I thought that Sun Racer was made by Manton & Smith.


----------



## Classicriders (Jun 22, 2009)

It's a Hibbard (H.S.B.).  H.P. Snyder manufactured Hibbard bicycles for Hibbard Spencer Bartlett, which was a sporting goods retailer, as stated above.
Here is the ebay item number for a great book that has your bike in it.
 250448916293


----------



## militarymonark (Jun 22, 2009)

I have that chainring but i can't remember what I pulled it off of


----------



## MattK (Jun 22, 2009)

I looked at some other bikes and it appears that the 1939 Hawthorm Comet is a very close match to the HSB Sun Racer.  Frame shape, headlight, rack bars, chainguard are similar.  Some other bikes share similarities, but not as many.


----------



## morton (Jun 23, 2009)

*One I wish I hadn't sold!*

Had this Sun Racer about 2 years ago....Believe it was all original.


----------



## bikeriderx (Jun 23, 2009)

morton said:


> Had this Sun Racer about 2 years ago....Believe it was all original.




Oooohhh!~Sick!:eek:


----------



## emmy (Feb 20, 2010)

*women's Sun Racer*

I just bought this bike off Craig's List...I'm ecstatic, I've always wanted one of them. 

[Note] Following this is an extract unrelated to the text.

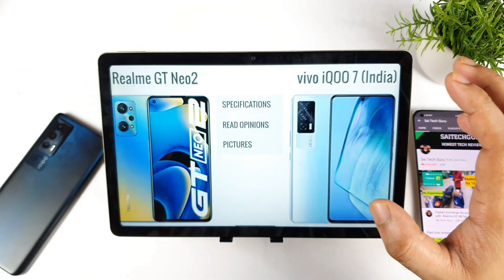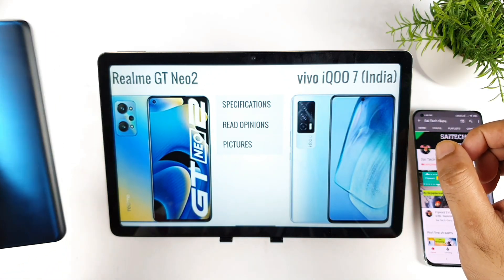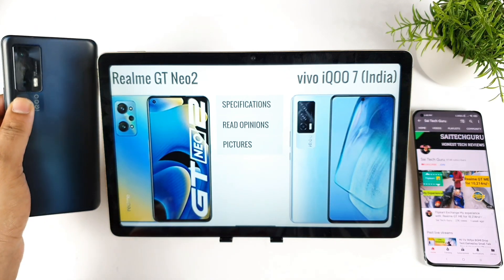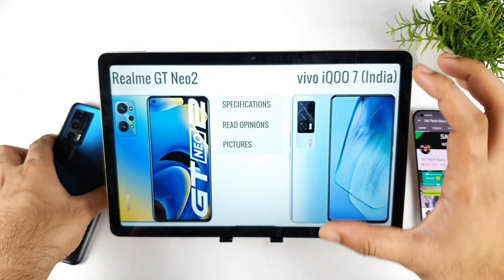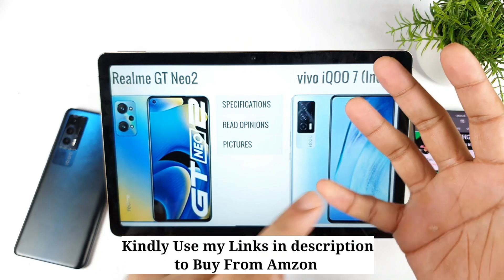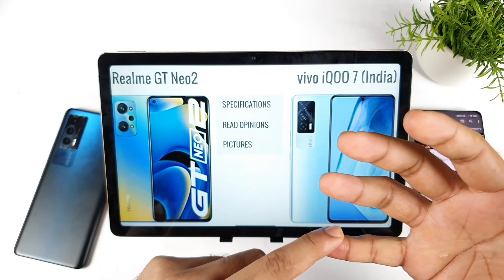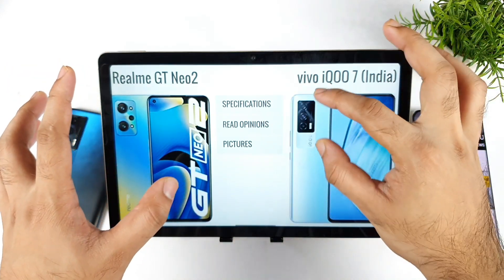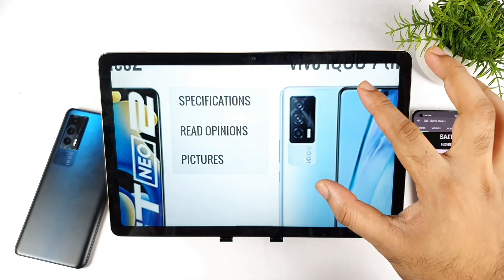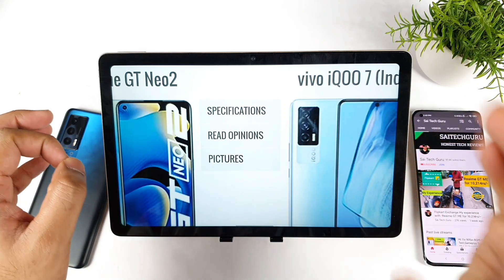There are a few things which are really interesting about the Realme GT Neo 2 and a few things which are good about the iQOO 7. I do have the iQOO 7 device. First, let's talk about the iQOO 7 — the two things which are very good in it. The first is camera. It doesn't matter what type of shots you take — low light photography, outdoor photography, stabilization, video recording at 4K 60fps — everything is really good from a camera point of view. If you want a phone with really good performance and really good camera, the iQOO 7 is your phone.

Does anyone know what the original color options were? I'd like to bring it back to it's original glory.
Thanks!


----------



## Golite4 (Oct 31, 2015)

Found this Sun Racer wondering if I should buy it for a single speed Klunker.  Trying to find information on it.


----------



## juanitasmith13 (Nov 1, 2015)

MattK said:


> I have some pics of a SunRacer too.  It was my father in-law's bike.  Best I can figure, he got it in the late 30's new.  The head badge also reads H.S.B. & Co. Chicago.  The Hibbard, Spencer, Bartlett and Co. of Chicago were sporting goods dealers from 1855 to the 1960's.  I'm still trying to determine who manufactered the bikes they sold.  Any guesses?




As the man says... the headbadge I.D.'s the manufacture. I gave a friend a badge exactly like this last week; after, he saw one on e-bay for $95.00... the e-bay one was a 10 on a 1-10 scale. 'Google' the H.S.B. & Co., Chicago, and you will find their bicycle history. pappy


----------



## juanitasmith13 (Nov 1, 2015)

I error: manufacturer wrong/ seller correct. Juat so you know... Hibbard Spencer Bartlett & Co. of Chicago, IL. later became True Value Hardware Co. The bicycles sold by H.S.B. & Co. where built by H.P.Snyder.


----------



## Shawn Michael (Nov 4, 2015)

It has potential. The tank looks like it is from a JC Higgins. If you decide to sell the tank let me know. -Shawn


----------